McGuinty signed on to the lobbyist registry in late August to act on behalf of Kitchener-based Desire2Learn, which develops educational software.
I have zero concerns about the notion of a former Premier acting as a lobbyist. The truth is, most lobbyists are former politicians, or political staff, or political organizers. Government speaks a unique language and has a closed culture - we need people familiar with that space to serve as bridges between the public, not-for-profit and grassroots sectors and policy makers.
There are easier ways to make a lot of money and be a power-broker, if that was McGuinty's interest.
It isn't. If anything, his decision to support Desire2Learn is an indication that he's never wavered from the things he's always believed in.
Remember, this was the self-styled Education Premier; strengthening our education system was a priority he spent a lot of time and political capital on. McGuinty was also all about the long-game; the whole purpose behind a Ministry of Public Infrastructure Renewal or a Ministry of Health Promotion was to start heading off some troublesome structural issues before it was too late.
McGuinty was also the kind of guy who loved tech and engagement (despite his social media ban, but nobody's perfect). One of my favourite memories of the former Premier involves him sitting down at CCVS in Cornwall with my former boss, Jim Brownell, chatting candidly with students about music, iPods and how tech and InfoTech was offering a wealth of opportunities he wanted them to be well-positioned to seize.
That's what he believed when in office; it's what he believes in now.
Funny enough, it's the same thing a number of social innovators, community catalysts and virtuous schemers inside and outside government believe, too.
Andray Domise is developing a Youth Entrepreneurship Centre in Etobicoke intended to provide a safe space for youth to learn practical skills like sales, financial management, supply management, etc. with a focus on helping them turn their passions into careers. Andray has a particular interest in coding and the emerging opportunities of Open Data.
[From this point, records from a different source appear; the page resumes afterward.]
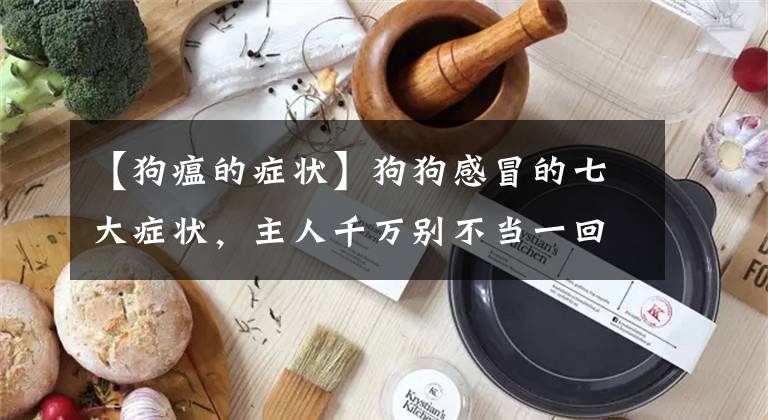 【狗瘟的症状】狗狗感冒的七大症状，主人千万别不当一回事！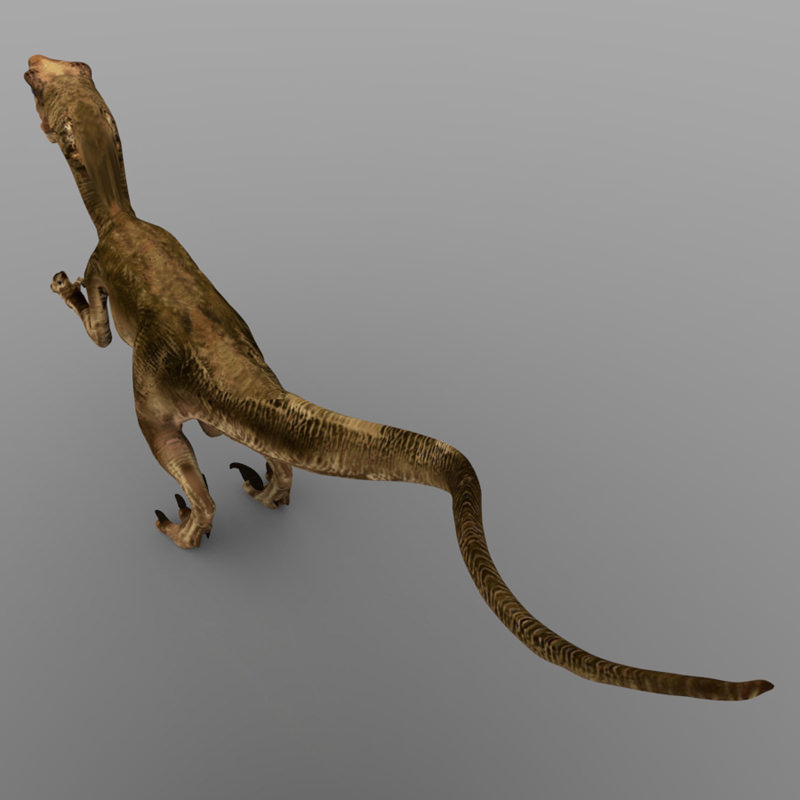 Deynonichus dinosaur 3D model_7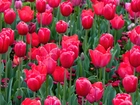 Czerwone, Tulipany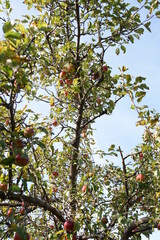 Apple Tree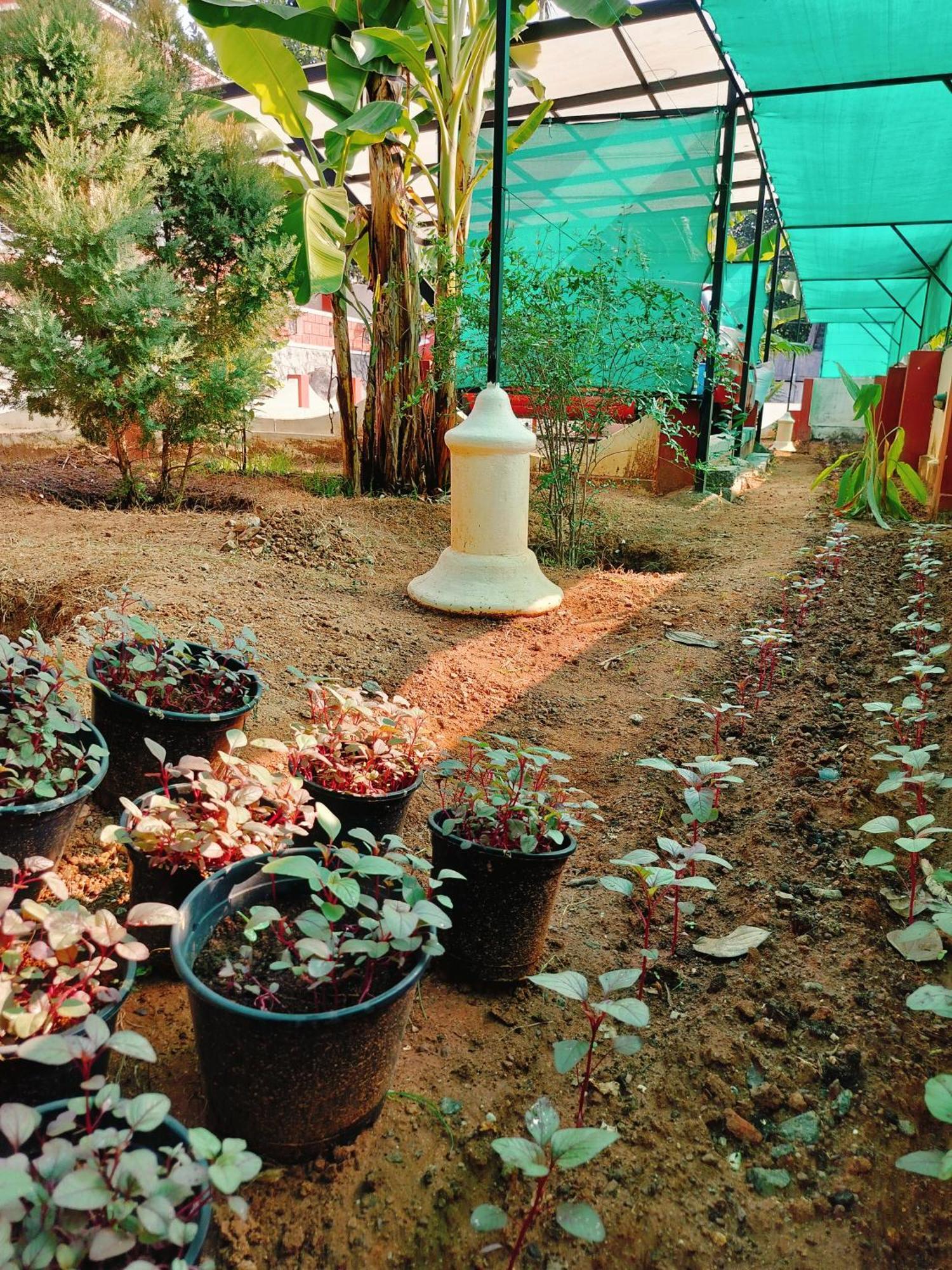 The Ixora - A Boutique Homestay Varkala Exteriér fotografie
Chloe-Marie Brown, Policy Advisor to Toronto Youth Council, has some ambitious projects on the go with a focus on improving mentorship opportunities for youth (particularly from Neighbourhood Improvement Areas), improving civic engagement and mapping out youth spaces and services for easier access.
Speaking of mapping - Caitlin Blundell has a really cool GIS project in the works with multiple applications; imagine youth being able to do infrastructure audits of their community by uploading photos and comments to a digital platform using Apps on their phones.
That's the kind of platform for engagement that folks like AJ Tibando (who McGuinty may remember as a former Liberal staffer) of SoJo and Abdullah Mayo of RaiseAnAim are also working on.
All this ties rather organically to the move by all levels of government to Open Data, making public information available for public consumption, possibly as a resource from which to build profitable products and services. It's what amazing folk like Sameer Vasta at MaRS facilitates every day. It's what Microsoft CSR Make Web Not War is looking to support in their work - which is why they backed Richard Pietro's Civic Engagement tour, #OGT14.
This is before you get to the individual civil servants, design thinkers and community consultation folk also looking to empower youth to be their own best advocates.
There are so many cool people with great ideas and varied skill sets, all working in the same space - but they aren't Dalton McGuinty.
I bet they'd love to work with him, though. I'd be happy to make the connections.
Just think of the positive impact we could have if we're all moving forward together.